Authorities believe the attackers are based in Tehran and continue to focus on targets in the United States, Europe, and the Middle East. Their operations have struck several industries over the years, including news outlets, financial organizations, travel and shipping companies, energy firms, and telecommunications providers. The list shows how Iranian hackers often aim at sectors that hold sensitive data or operate essential public infrastructure. When these systems come under attack, even small disruptions can lead to larger economic or safety concerns.

By offering a reward for actionable intelligence, the US hopes to gather leads from security professionals, researchers, or individuals who have direct knowledge of the group’s activity. Officials encouraged anyone with credible information about Shirinkar, Sedighian, Shahid Shushtari, or any related entities to reach out through the Rewards for Justice program. The government emphasized that tipsters can use a Tor based reporting channel, which helps protect the identity of those who come forward.

This new incentive reflects the growing urgency around global cyber threats. The United States sees these hackers as part of a broader pattern in which state aligned groups execute operations that blend espionage, disruption, and influence.
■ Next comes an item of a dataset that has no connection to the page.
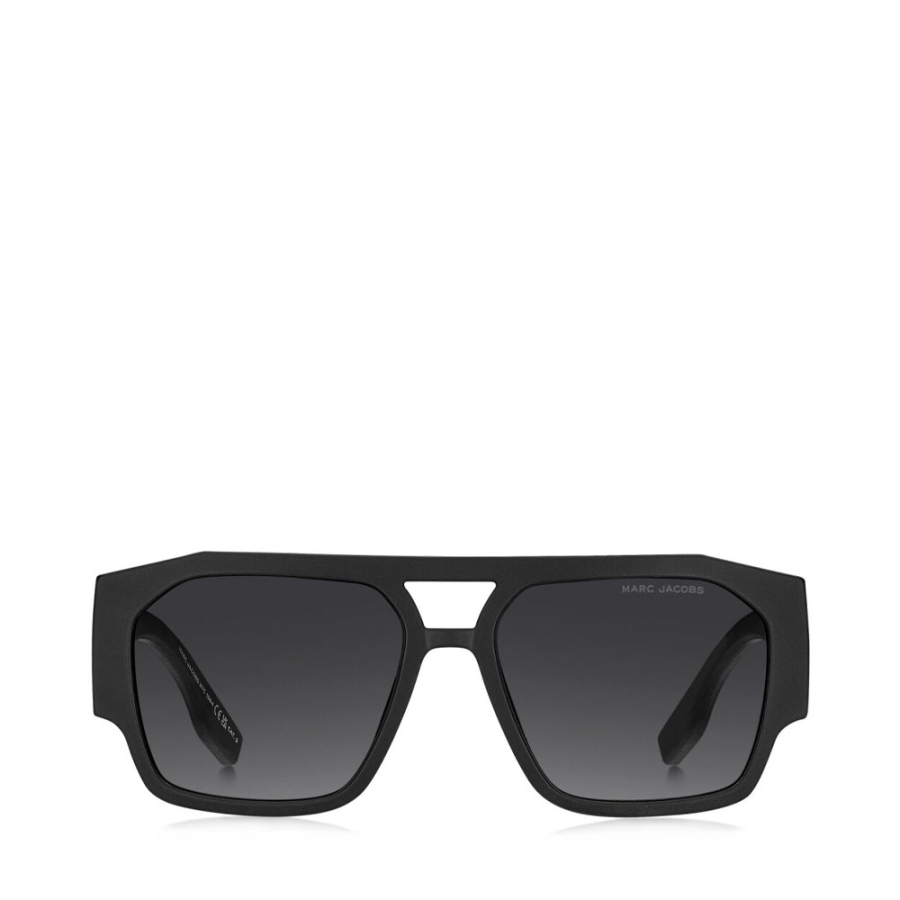 marc-860-s-sonnenbrille marc-860-s-sonnenbrille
Each attack adds weight to the argument that cyber incidents have become one of the fastest moving fronts in national security. As more sectors adopt cloud and digital systems, the potential impact of a coordinated attack becomes even more severe.

Officials are also trying to prevent new influence operations aimed at future elections. They say foreign actors have shown consistent interest in shaping public opinion or eroding trust in democratic systems. By naming Iranian hackers directly and offering financial rewards, officials hope to create barriers that make these influence efforts harder to carry out. The move also sends a clear message that interference in domestic political processes will trigger consequences.
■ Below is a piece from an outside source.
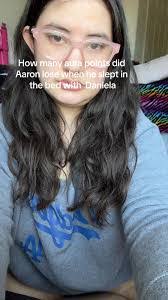 Aaron Holguin's Instagram, Twitter & Facebook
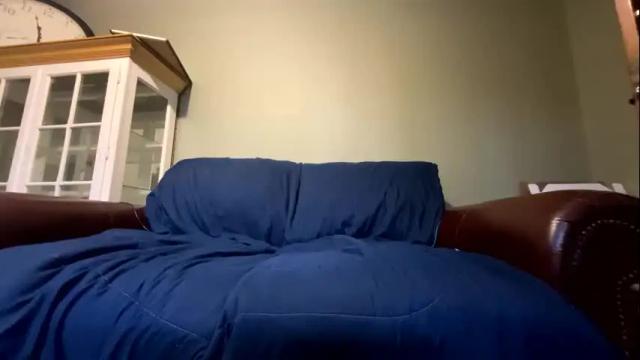 Thumbnail 3, phatpussyunicorn's Stream at Chaturbate, 2 months ago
Security researchers say the group’s activity often blends technical attacks with psychological components. Some operations involve breaking into systems, stealing data, and then releasing it in ways designed to mislead audiences or stir political tension. Others focus on taking down services or interrupting operations in critical sectors. These tactics allow a relatively small team of individuals to create broad disruption with limited resources.
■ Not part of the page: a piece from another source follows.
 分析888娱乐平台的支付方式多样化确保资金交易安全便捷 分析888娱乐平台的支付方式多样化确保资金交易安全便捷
The reward program is part of a much larger strategy. The United States continues to strengthen partnerships with international agencies, private cybersecurity firms, and infrastructure operators. These alliances provide more visibility into how groups like Shahid Shushtari operate. They also help governments coordinate faster responses when new threats emerge. As cyber operations evolve, collaboration across borders becomes essential.

Even though Iranian hackers have used many aliases, the pattern of activity remains consistent enough for analysts to track. Each rebrand appears to be an attempt to avoid detection or sanctions. Yet each shift also gives investigators more opportunities to map the group’s behavior and identify its weaknesses. As the United States continues to release public information about these actors, it becomes harder for them to operate without exposure.

The decision to offer such a large reward underscores the stakes. The US is making it clear that it wants to deter future attacks, disrupt current operations, and prevent foreign interference. At the same time, it wants to encourage the cybersecurity community to share intelligence quickly and safely. As long as state backed groups continue to expand their digital reach, these reward programs may become even more common.

The government hopes that by raising awareness and providing financial incentives, it can reduce the operational space available to these hackers. The coming months will show whether the strategy leads to meaningful breakthroughs. For now, the announcement marks one of the strongest signals yet that the United States plans to pursue every lead until the threat is contained.